That night, in the rather palatial and comfortable Excelsior Hotel, I noted:
"There seems little question that the Sicilians in the larger towns and cities will starve. It becomes a question of who we should let starve. Some should starve and some should be shot. But could Allies let either of these things happen? Two classes here ... very, very desperately poor and very, very rich."
We worked until late at night on our oral report to be made the next morning. We were over at headquarters to report around ten o'clock on January 9th. We had only briefly gotten into this when an orderly came asking for a special mission to report to Naples. Without trying to find out very much about the mission, I volunteered. By then it was eleven o'clock and I was told to report to the docks to board an LST by 3:00 P.M.
Our report was rather brief and probably over-simplified. It was our recommendation to get some grain from the outside -- maybe divert some ships going to the Italian mainland if there were any in the convoys moving that way; raise the price of grain to at least 4000 lira per quintal; open up the Consoricios and Alimentari, and go ahead with the raids if they thought that would scare the Sicilians into action. A final item had to do with transport and of all things, horseshoe nails!
All motor transport had been seized and most of the trains in operation were carrying military supplies to Messina and other ports for shipment to the mainland. Farmers were complaining that they had no horseshoe nails to shoe their donkeys and oxen which were the chief transport power for getting wheat and farm produce to markets. The hilly gravel roads or trails simply cut the unprotected hoofs of the donkeys and oxen to the blood.
Our investigation had determined that village blacksmiths could hammer out scrap iron make something that might do for a horse or oxen shoe, but the nails to put them on were something else.

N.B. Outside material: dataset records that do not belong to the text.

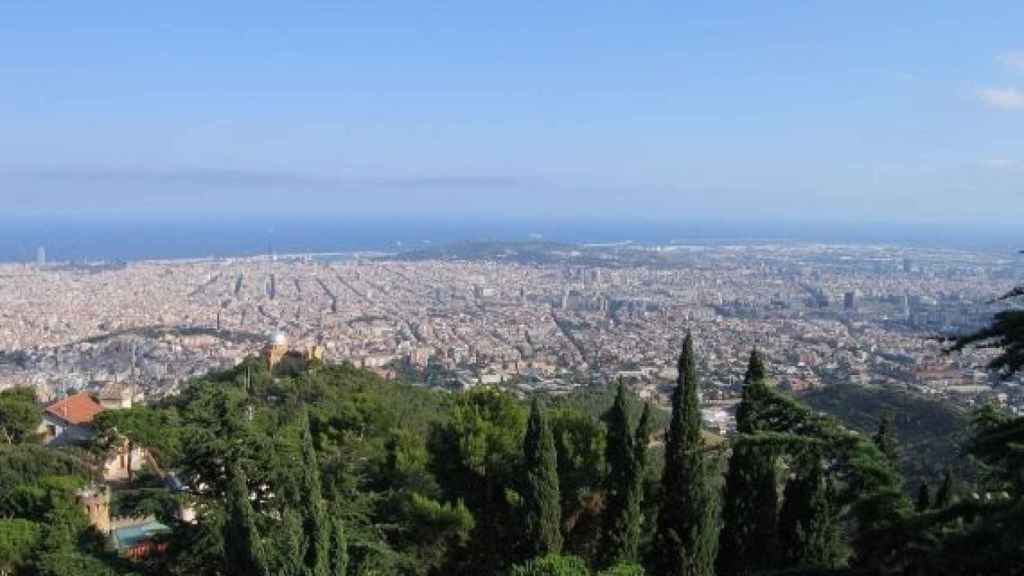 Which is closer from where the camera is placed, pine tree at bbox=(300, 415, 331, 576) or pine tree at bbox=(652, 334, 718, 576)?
pine tree at bbox=(300, 415, 331, 576)

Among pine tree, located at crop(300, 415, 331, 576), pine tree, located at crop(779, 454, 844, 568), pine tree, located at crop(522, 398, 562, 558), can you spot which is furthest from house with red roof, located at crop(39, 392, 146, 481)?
pine tree, located at crop(779, 454, 844, 568)

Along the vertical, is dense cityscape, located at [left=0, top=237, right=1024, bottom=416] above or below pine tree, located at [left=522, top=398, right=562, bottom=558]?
below

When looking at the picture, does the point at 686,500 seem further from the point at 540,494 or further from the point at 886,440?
the point at 886,440

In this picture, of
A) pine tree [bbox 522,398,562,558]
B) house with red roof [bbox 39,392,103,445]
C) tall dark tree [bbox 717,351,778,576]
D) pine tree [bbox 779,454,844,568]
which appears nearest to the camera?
pine tree [bbox 779,454,844,568]

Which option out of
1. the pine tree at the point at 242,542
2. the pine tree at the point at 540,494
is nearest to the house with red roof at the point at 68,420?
the pine tree at the point at 540,494

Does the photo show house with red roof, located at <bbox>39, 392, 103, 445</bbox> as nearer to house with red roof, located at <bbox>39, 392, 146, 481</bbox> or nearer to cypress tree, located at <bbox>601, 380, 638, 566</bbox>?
house with red roof, located at <bbox>39, 392, 146, 481</bbox>

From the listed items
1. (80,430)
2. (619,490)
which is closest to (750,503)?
(619,490)

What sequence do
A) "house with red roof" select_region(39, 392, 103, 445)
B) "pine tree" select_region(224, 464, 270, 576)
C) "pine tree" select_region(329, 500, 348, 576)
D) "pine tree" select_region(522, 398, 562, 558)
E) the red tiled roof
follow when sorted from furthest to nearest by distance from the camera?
the red tiled roof → "house with red roof" select_region(39, 392, 103, 445) → "pine tree" select_region(522, 398, 562, 558) → "pine tree" select_region(224, 464, 270, 576) → "pine tree" select_region(329, 500, 348, 576)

I promised to see what could be done about this when I got to the mainland if that was where I was supposed to be going.
Major Hammar, in whose lap I had left the Sicilian food problem, saw me off at exactly 4:00 P.M. on a landing craft, loaded with tanks and artillery. Aboard were a few enlisted men and a Lieutenant Colonel in Military Government, a former deputy warden of a Pennsylvania prison, who had volunteered with me. We put out to sea headed for Naples, and were told that if we were lucky we would make it by about ten o'clock the next morning.
Our old LST, flat-bottomed, diesel-powered, headed up along the north coast. All night and into early afternoon we edged toward Salerno where our troops had landed some weeks before, in the mainland invasion. We rounded the Sorrento peninsula and as we headed toward Naples in late afternoon we at last saw the famous and truly beautiful bay of Naples. Some distance ahead black smoke was curling from the cone of Vesuvius. As we moved further into the harbor, about sunset, this smoke turned to a warm red glow, and later that night, occaisional flames shot upward. It was in Jeremiah, "The Lord went before them by day in a pillar of cloud (smoke) to lead them the way; and by night in a pillar of fire."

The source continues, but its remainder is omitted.